Der 1934 geborene Kläger war von 1974 bis 1992 als Betriebsschlosser bei der Firma S. AG B. H. beschäftigt. Nach § 21 Nr. 5 des Manteltarifvertrags für Arbeiter und Angestellte in der Eisen , Metall und Elektroindustrie des Landes Hessen war das Arbeitsverhältnis nur noch aus wichtigem Grund, bei Vorliegen eines Sozialplans oder bei Änderungskündigungen zum Zwecke innerbetrieblicher Umsetzung kündbar. Die Arbeitgeberin kündigte am 14. November 1990 aus betrieblichen Gründen das Arbeitsverhältnis zum 30. Juni 1992. Im Zusammenhang mit der Beendigung des Beschäftigungsverhältnisses erhielt der Kläger ab 1. Juli 1992 ein Ruhegeld, ferner für die Zeit vom 1. Juli 1992 bis 31. Dezember 1992 einen Übergangszuschuß und für die Zeit vom 1. Januar 1993 bis 31. Mai 1994 eine Beihilfe. Kündigungsschutzklage hat der Kläger nicht erhoben.

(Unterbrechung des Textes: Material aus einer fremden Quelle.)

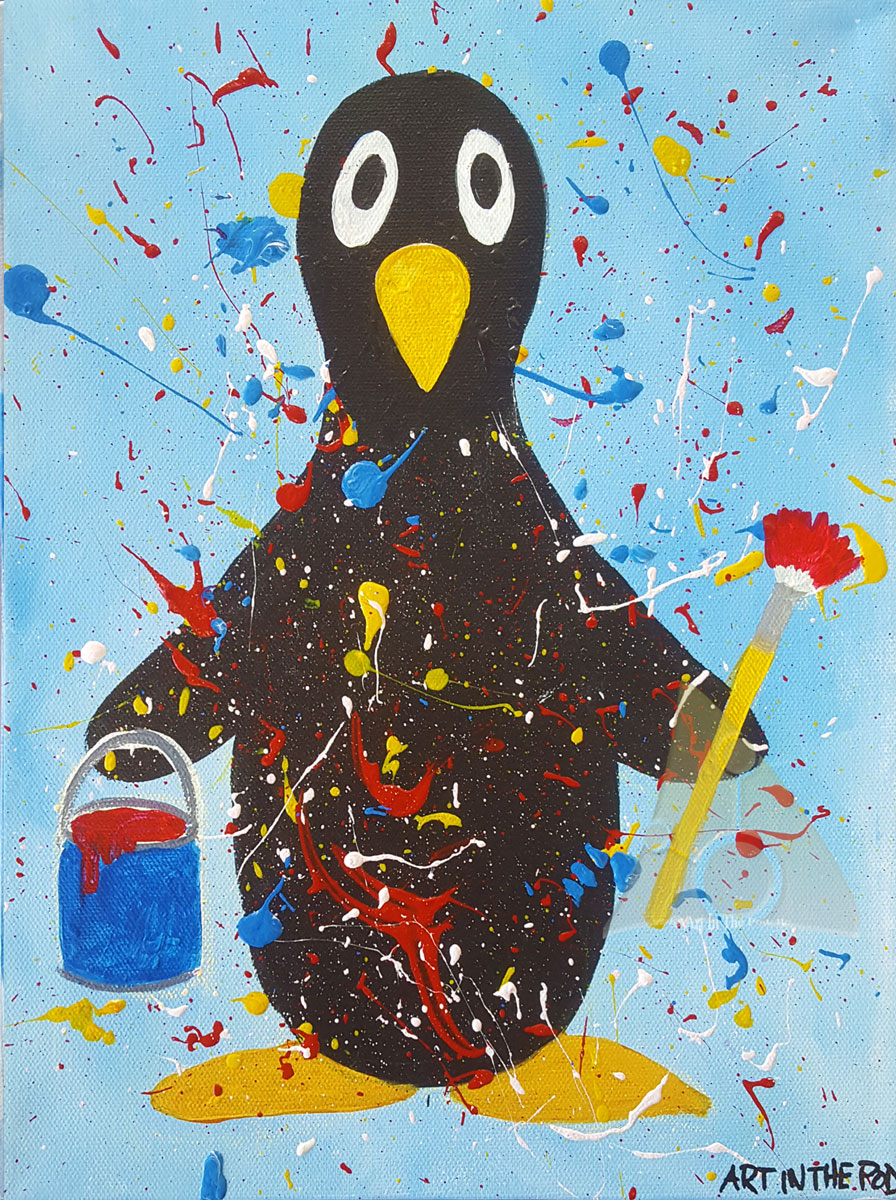 orig cb party with a penguin jackson pollock
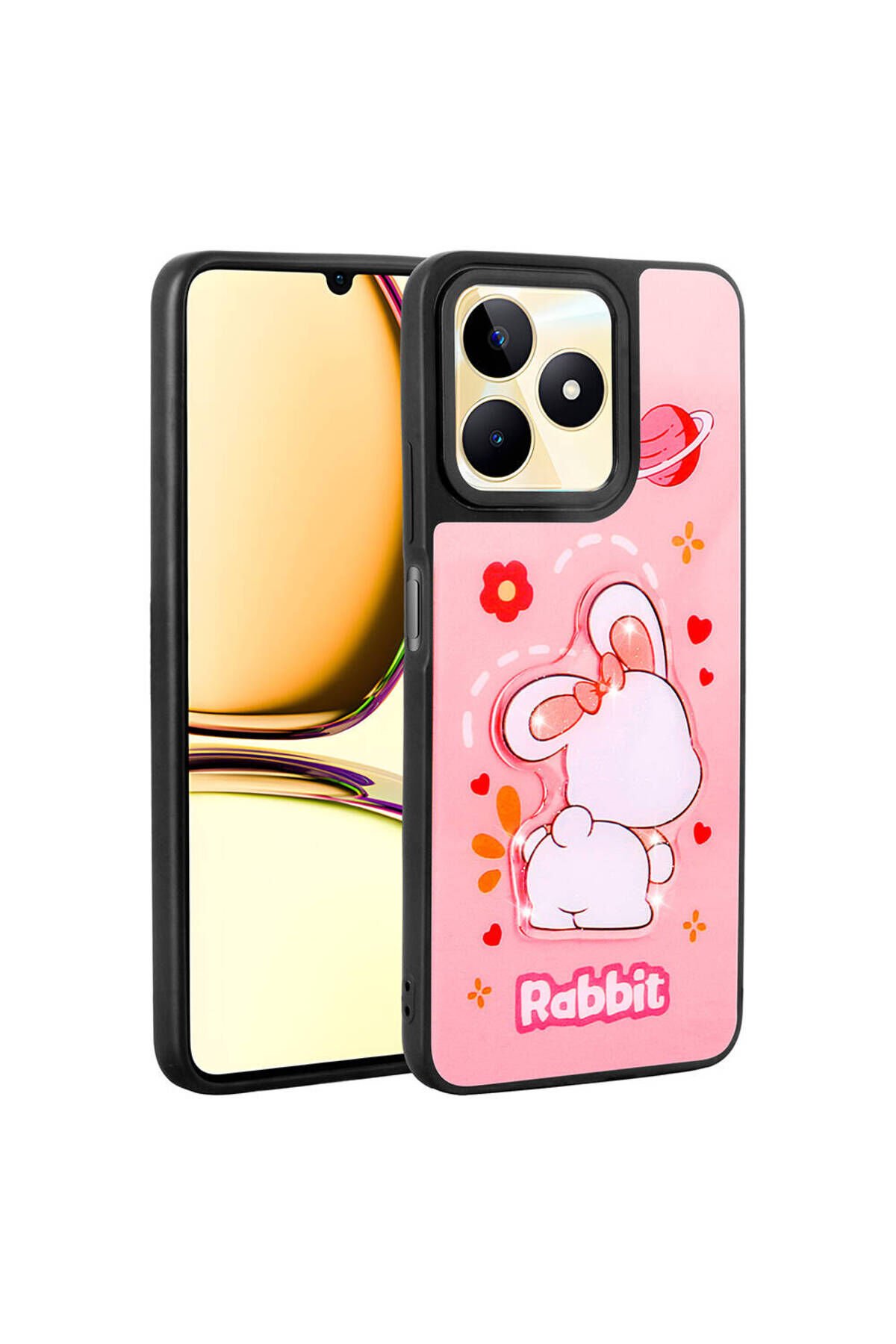 Realme C53 Kılıf Parlayan Kabartmalı İkonik Figürlü BSAY Amas Silikon Kapak - Siyah Pembe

Am 17. Juni 1992 meldete sich der Kläger mit Wirkung zum 1. Juli 1992 arbeitslos und beantragte Alg. In einer schriftlichen Erklärung teilte er dem Arbeitsamt (ArbA) mit, er habe seinen Arbeitsplatz aus betriebsbedingten Gründen verloren, die Gründe seien ihm in einem persönlichen Gespräch erläutert worden, der Betriebsrat sei ordnungsgemäß gehört worden und habe der Kündigung zugestimmt. Eine Klage beim Arbeitsgericht gegen die Kündigung habe er aus folgenden Gründen unterlassen: Zum einen habe er diverse finanzielle Unterstützungen seitens der Arbeitgeberin erhalten und er sei der Auffassung, daß auch vom Arbeitsgericht ihm nicht mehr zugesprochen worden wäre und zum anderen sei er in dem Unternehmen bis zum Schluß korrekt behandelt worden; er sei der Meinung, daß es ihm nicht zugemutet werden könne, gegen dieses Unternehmen eine Klage zu erheben.
Das ArbA lehnte mit Bescheid vom 19. August 1992 den Antrag auf Alg für die Zeit bis zum 22. September 1992 ab, da eine Sperrzeit eingetreten sei. Der Kläger habe das Arbeitsverhältnis gelöst, ohne hierfür einen wichtigen Grund zu haben; er sei mit der Kündigung einverstanden gewesen und habe konkludent dem Angebot eines Aufhebungsvertrages zugestimmt.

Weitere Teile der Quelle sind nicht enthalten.